Department of Biosciences, University of Salzburg, 5020 Salzburg, Austria.
Int J Mol Sci. 2020 Dec 22;22(1):12. doi: 10.3390/ijms22010012.
Knowledge of MHC II binding peptides is highly desired in immunological research, particularly in the context of cancer, autoimmune diseases, or allergies. The most successful prediction methods are based on machine learning methods trained on sequences of experimentally characterized binding peptides. Here, we describe a complementary approach called MHCII3D, which is based on structural scaffolds of MHC II-peptide complexes and statistical scoring functions (SSFs). The MHC II alleles reported in the Immuno Polymorphism Database are processed in a dedicated 3D-modeling pipeline providing a set of scaffold complexes for each distinct allotype sequence. Antigen protein sequences are threaded through the scaffolds and evaluated by optimized SSFs. We compared the predictive power of MHCII3D with different sequence-based machine learning methods. The Pearson correlation to experimentally determine IC values for MHC II Automated Server Benchmarks data sets from IEDB (Immune Epitope Database) is 0.42, which is in the competitor methods range. We show that MHCII3D is quite robust in leaving one molecule out tests and is therefore not prone to overfitting.
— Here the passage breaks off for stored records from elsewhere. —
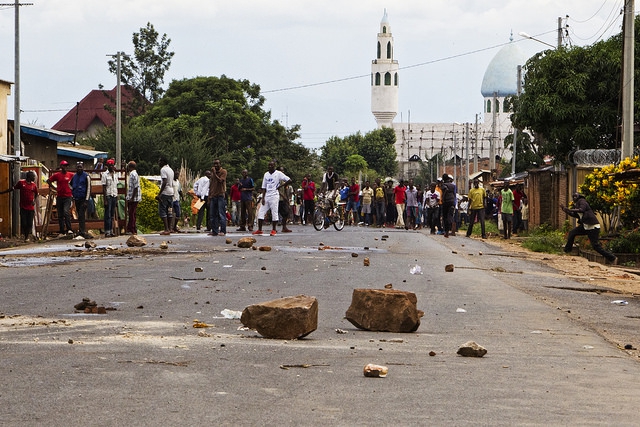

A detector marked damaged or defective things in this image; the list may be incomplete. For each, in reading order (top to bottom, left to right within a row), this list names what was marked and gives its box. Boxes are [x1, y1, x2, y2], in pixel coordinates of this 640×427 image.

broken concrete chunk [240, 294, 318, 342]
broken concrete chunk [344, 288, 424, 334]
broken concrete chunk [458, 342, 488, 358]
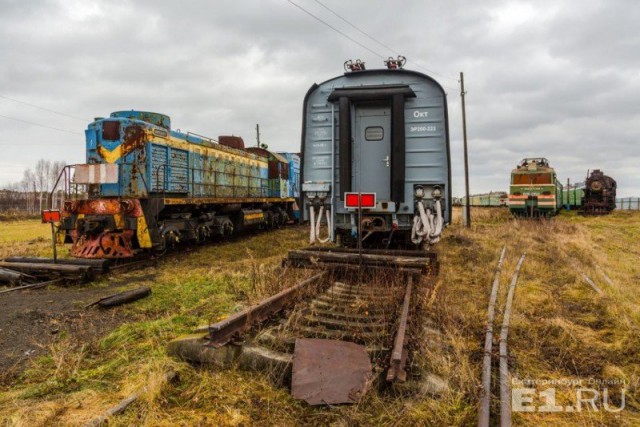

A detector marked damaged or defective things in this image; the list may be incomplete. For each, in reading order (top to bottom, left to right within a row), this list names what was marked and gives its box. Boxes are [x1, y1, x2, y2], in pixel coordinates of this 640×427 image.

rusty blue locomotive [57, 110, 300, 258]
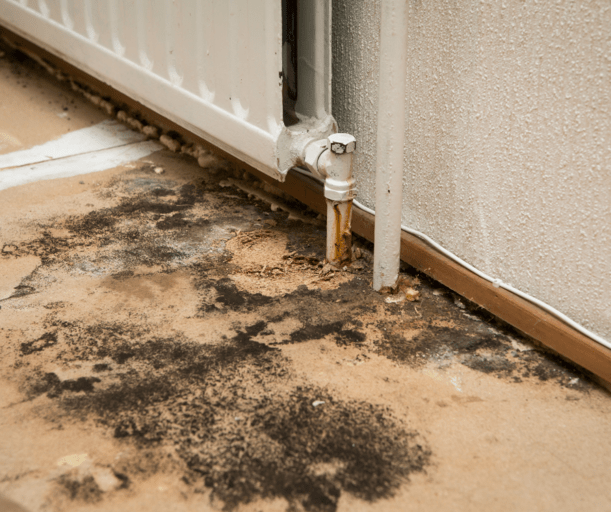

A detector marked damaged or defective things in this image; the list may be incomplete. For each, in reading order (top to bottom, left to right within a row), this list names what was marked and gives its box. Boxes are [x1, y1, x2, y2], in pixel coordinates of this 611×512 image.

Finally, we provide evidence that MHCII3D can complement the current sequence-based methods and help to identify problematic entries in IEDB. Scaffolds and MHCII3D executables can be freely downloaded from our web pages.
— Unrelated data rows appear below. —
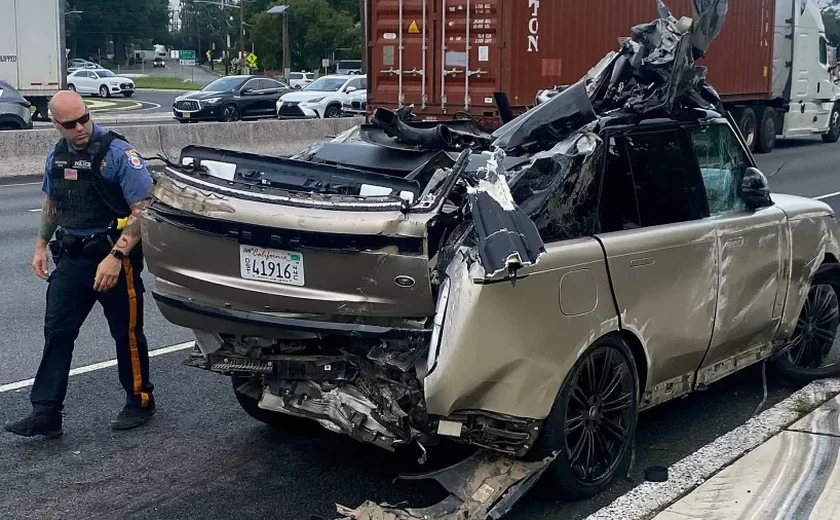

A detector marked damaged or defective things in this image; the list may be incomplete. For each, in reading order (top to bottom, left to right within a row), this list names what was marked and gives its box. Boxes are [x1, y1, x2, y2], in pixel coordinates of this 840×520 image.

dented door panel [424, 238, 620, 420]
dented door panel [596, 220, 720, 398]
dented door panel [696, 205, 788, 384]
crumpled metal debris [334, 450, 556, 520]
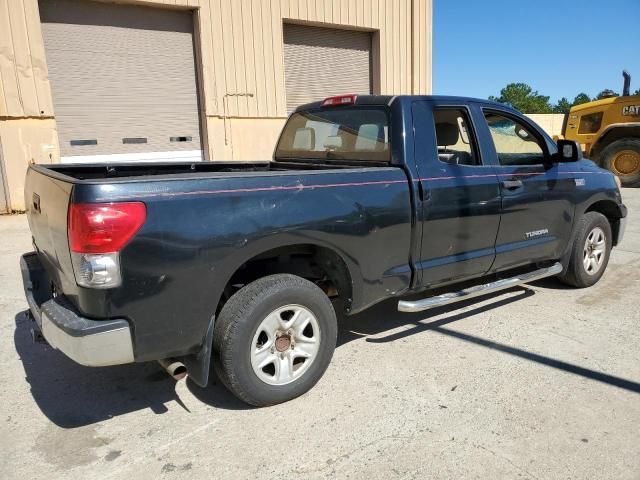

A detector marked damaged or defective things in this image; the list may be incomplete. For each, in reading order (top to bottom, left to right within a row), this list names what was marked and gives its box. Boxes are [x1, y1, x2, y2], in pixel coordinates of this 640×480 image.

cracked asphalt [1, 189, 640, 478]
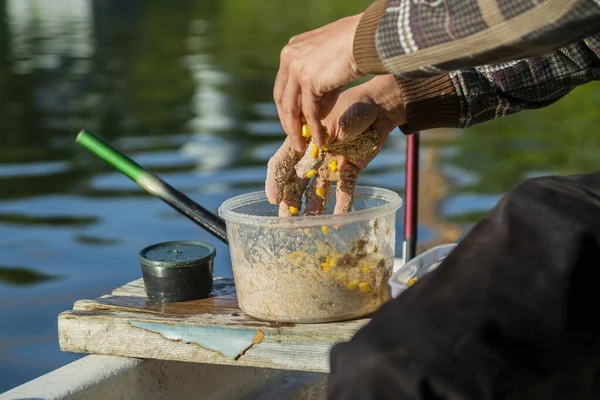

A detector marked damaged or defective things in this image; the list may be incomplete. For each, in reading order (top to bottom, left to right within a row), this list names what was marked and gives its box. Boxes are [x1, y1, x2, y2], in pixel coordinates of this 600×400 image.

peeling paint on wood [131, 320, 262, 358]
在免疫学研究中,特别是在癌症、自身免疫性疾病或过敏的背景下,对 MHC II 结合肽的了解是非常需要的。最成功的预测方法是基于在实验表征的结合肽序列上训练的机器学习方法。在这里,我们描述了一种称为 MHCII3D 的补充方法,它基于 MHC II-肽复合物的结构支架和统计评分函数 (SSF)。免疫多态性数据库中报告的 MHC II 等位基因在专用的 3D 建模管道中进行处理,为每个独特的同种型序列提供一组支架复合物。抗原蛋白序列通过支架进行穿线,并通过优化的 SSF 进行评估。我们比较了 MHCII3D 与不同基于序列的机器学习方法的预测能力。与 IEDB(免疫表位数据库)的 MHC II 自动服务器基准数据集的实验确定的 IC 值的 Pearson 相关性为 0.42,处于竞争方法的范围内。我们表明,MHCII3D 在离开一个分子的测试中非常稳健,因此不容易过度拟合。最后,我们提供了证据表明,MHCII3D 可以补充当前基于序列的方法,并有助于识别 IEDB 中的问题条目。支架和 MHCII3D 可执行文件可以从我们的网页上免费下载。